We plan to organize a three-hour tutorial based on the following content. We will make efforts to make the tutorial interactive by having quizzes at regular intervals and also we hope to accommodate questions in between:
1. Introduction to NLG from Structured data and Knowledge Bases (20 mins)
- Data-to-text and text-to-text paradigms
- Motivation: Why is this problem important?
- Challenges in structured data translation: Why known text-to-text methods can not be applied to this problem?
- Roadmap of the tutorial
2. Heuristic Driven Methods (20 mins)
- Rule-based approaches
- Template-based approaches
- Current industry solutions
- Shortcomings of the paradigm
3. Statistical and Neural Methods (30 mins)

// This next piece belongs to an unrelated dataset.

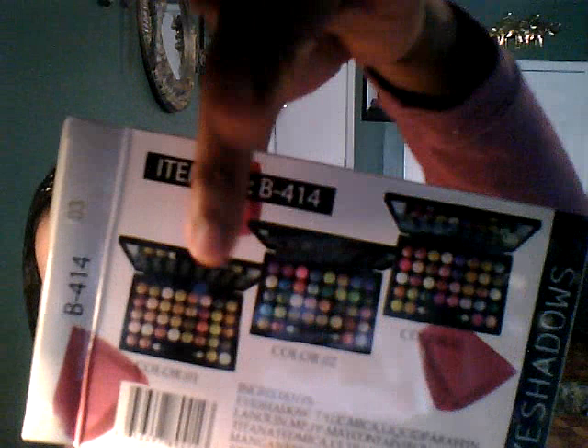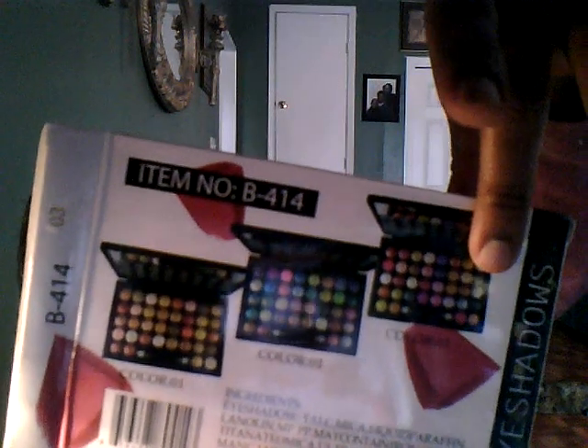Let me do a couple of swatches for you guys. See how loud and pigmented they are? You probably can't see the colors as well because of the lighting. I got that from Amazon. Let me show you the box — that's what it looks like on the front. This palette is Number 3, and it also comes in a Number 2 and a Number 1. I'm going to go back and get those two palettes as well. They are very loud and pigmented.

- Probabilistic Generation Models
- Context-free Grammar based Approaches
- Three-phase Approach : Planning, Selection and Surface Realization
- End-to-end Encoder Decoder Paradigm
- Seq2seq approaches with attention
4. Evaluation Methods for NLG (10 mins)
- N-gram based methods : BLEU, ROUGE etc.
- Document similarity based methods
- Task-specific evaluation
- Human evaluation metrics
- Challenges in Evaluation
5. Hybrid and Scalable Methods (20 mins)
- Structured data input formats
- Canonicalization
- Simple Language Generation
- Ranking of simple sentences
- Sentence Compounding
- Coreference Replacement
6. Role of Semantics and Pragmatics (15 mins)

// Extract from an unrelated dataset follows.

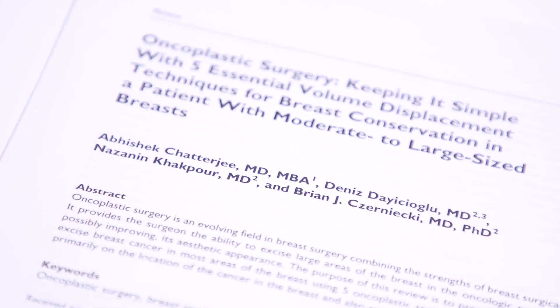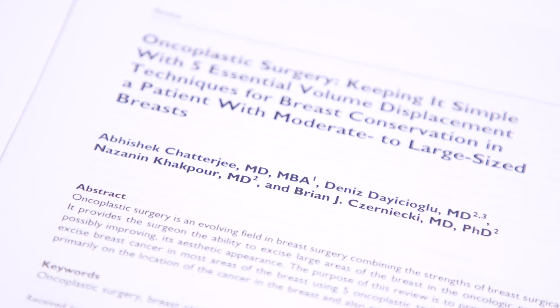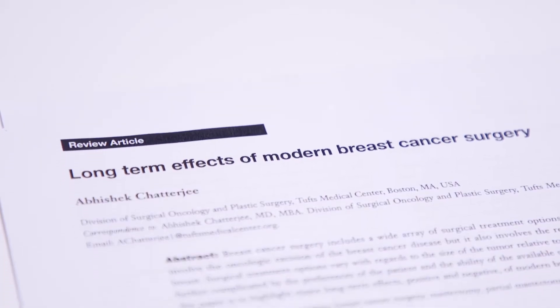Ideally an oncoplastic operation is one surgical procedure where you go in, you remove the cancer, you do the reconstruction in one effort, and if need be you can also give a lift and a reduction to the other breast so the woman is symmetric and whole at the end of one operation.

- Role of Knowledge Graphs
- Domain-specific Ontologies
- Reasoning and Inference in Generation
7. Open Problems and Future Directions (20 mins)
- Structure-aware Generation
- Theme/Topic based Generation
- Argumentative Text Generation
- Controllable Text Generation
- Creative Text Generation
8. Conclusion and Closing Remarks (15 mins)